R. M. Parker, Andrew G Hendrickx

Research output: Contribution to journalArticle

5 Scopus citations

Abstract

This study further defines the craniofacial malformations induced by triamcinolone acetonide in the rhesus monkey. Ten timed‐mated pregnant rhesus monkeys (Macaca mulatta) received intramuscular injections of 10 mg/kg TAC on days 23, 25, 27, 29, and 31 of gestation. Results of previous experiments with rhesus and bonnet monkeys and baboons indicated that specific craniofacial and brain malformations could be induced with TAC during this period of pregnancy (Hendrickx et al., '80). Stage‐matched TAC‐treated and control embryos (stages 17–18 and 22) and age‐matched TAC‐treated and control fetuses (50, 60, and 70 days gestation) were removed by hysterotomy. Stage 17–18 TAC embryos appeared grossly normal but histologic evaluation revealed a shortened anlage of the posterior cranial base.
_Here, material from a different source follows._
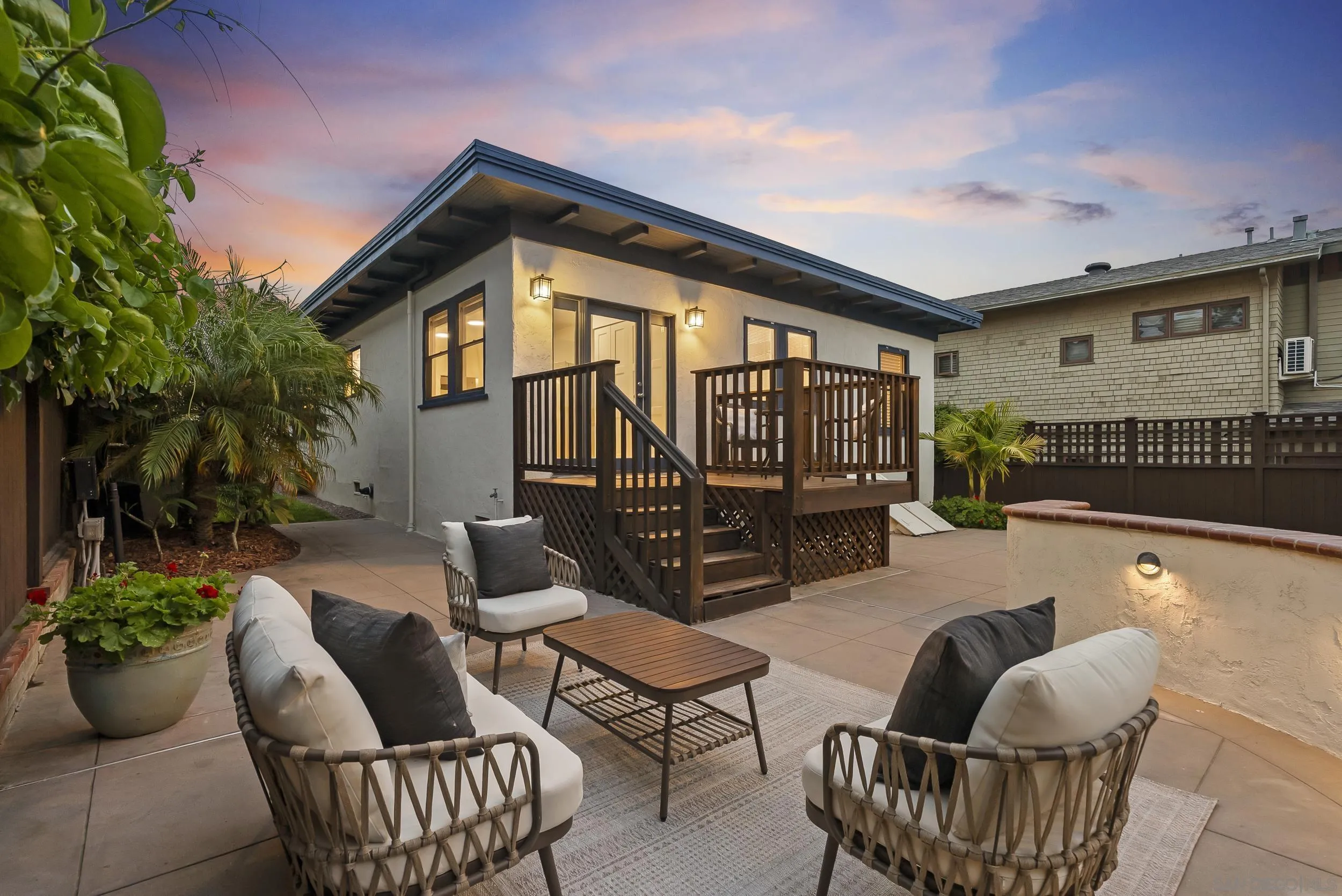 https://cdn.realtyfeed.com/cdn/127/260025015/8642e603977254c74e9a1cec7278f671.webp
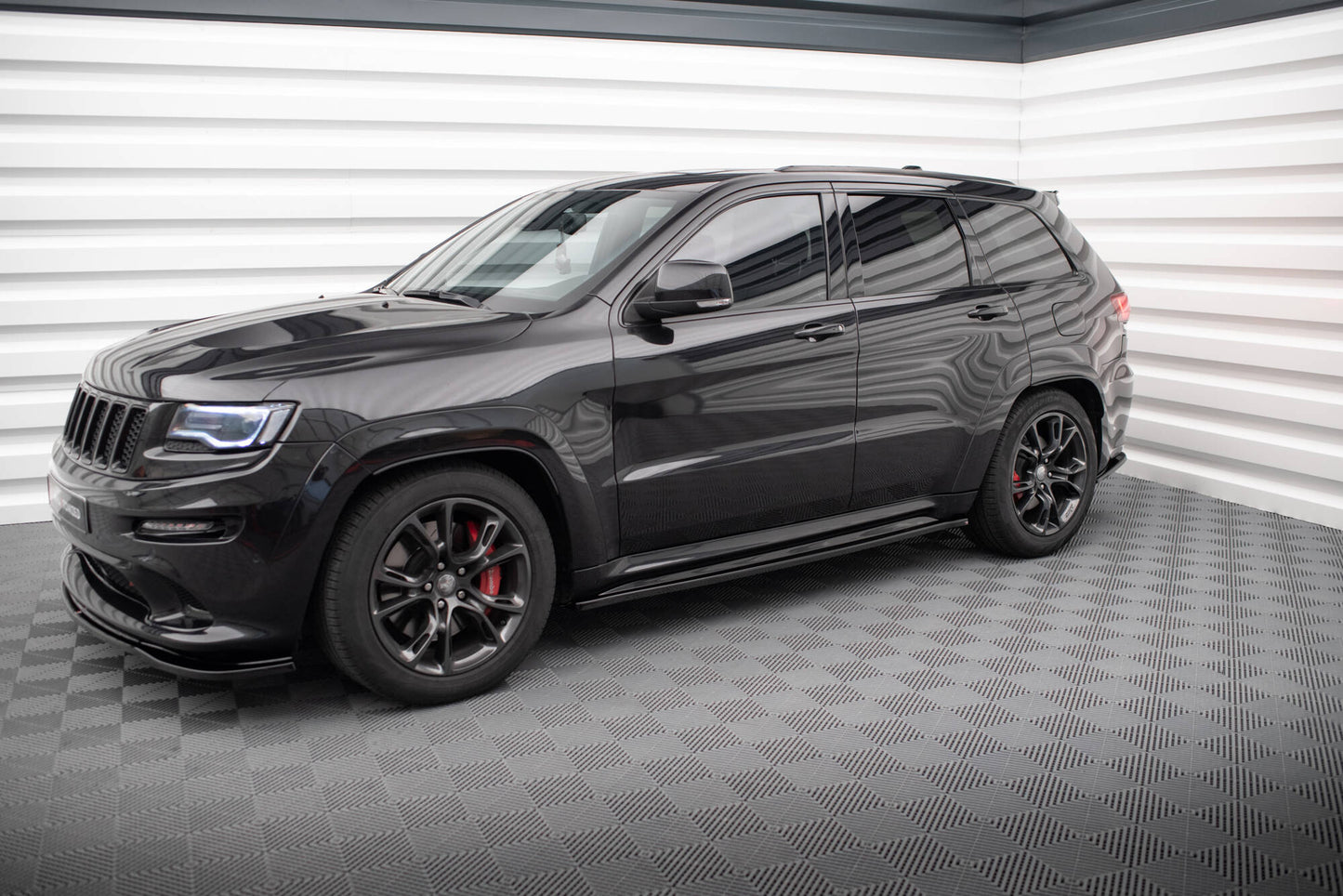 Maxton Seitenschweller Ansatz für Jeep Grand Cherokee SRT WK2 Facelift schwarz Hochglanz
Stage 22 TAC embryos and all TAC fetuses exhibited craniofacial dysmorphia and encephalocele. The developing sphenoid was the earliest affected and most severely malformed bone. Its defects included reduced anterioposterior and transverse dimensions, reduced orbitosphenoid and alisphenoid, abnormal pituitary fossa, and reduced dorsum and tuberculum sellae. In addition, shortening of the posterior cranial base and decreased cranial base angle was a consistent finding in the treated embryos and fetuses. Decreased ossification and remodeling in the facial bones and abnormal position due to the malformed sphenoid occurred.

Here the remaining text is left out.